The merits of democratic elections, however, do not depend on the deep wisdom of the electorate. Voters, after all, are neither policy experts nor philosophers seeking eternal truths. They are busy men and women, who necessarily spend most of their time earning a living, raising their families, paying their bills, preserving their health, seeking entertainment, and sometimes sleeping. They also are wise enough to know that they cannot usefully devote much of their lives to politics. They may not know the exact geographical location of Pakistan, but they also know that their views on Pakistan will have little impact. They may not spend hours deciding their presidential votes, but they also feel that their personal ballots will not be decisive among the 150 million votes that might be cast. Arguing for the capacity of the electorate is the wrong argument for democrats.

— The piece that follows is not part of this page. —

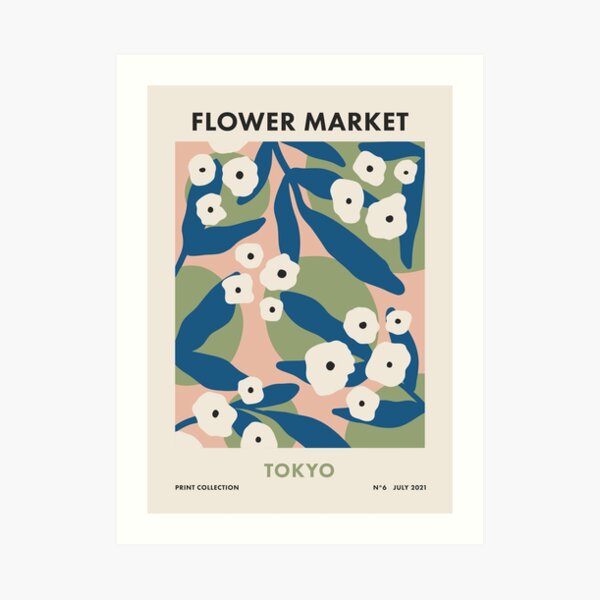Flower Market Tokyo, Colorful Retro Floral Print Art Print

Political theorists have rarely championed elections for the knowledge to be gained through mass polling. If we want to know what to do in Pakistan, we are better advised to consult the experts on the Middle East (who are themselves uncertain). If we want to have an election on this issue, the constituency might be better restricted to readers of elite journals.

Elections and Protection

Democratic theory points instead to the political advantages of elections as their chief strengths. George Mason, a leader at the federal Constitutional Convention, defended popular elections: "Notwithstanding the oppressions and injustices experienced among us from democracy; the genius of the people is in favor of it, and the genius of the people must be consulted."

Legitimate governments derive "their just powers from the consent of the governed." That aspiration of the Declaration of Independence has become a self-evident truth in the modern world. This premise is now not only a moral sentiment but also an empirical necessity for effective rule. For most of history, self-sufficient families and communities could endure the decrees of distant governments, even bad ones. Governments now ask far more of their people. Today, government requires popular enlistment to achieve its purposes. Government must know what it wants and also, as philosopher David lindsay put it, "what the people are prepared to do." Today, when the government has the power to regulate, tax, punish, reward, and send its people to war, voters must influence politics if they are to survive.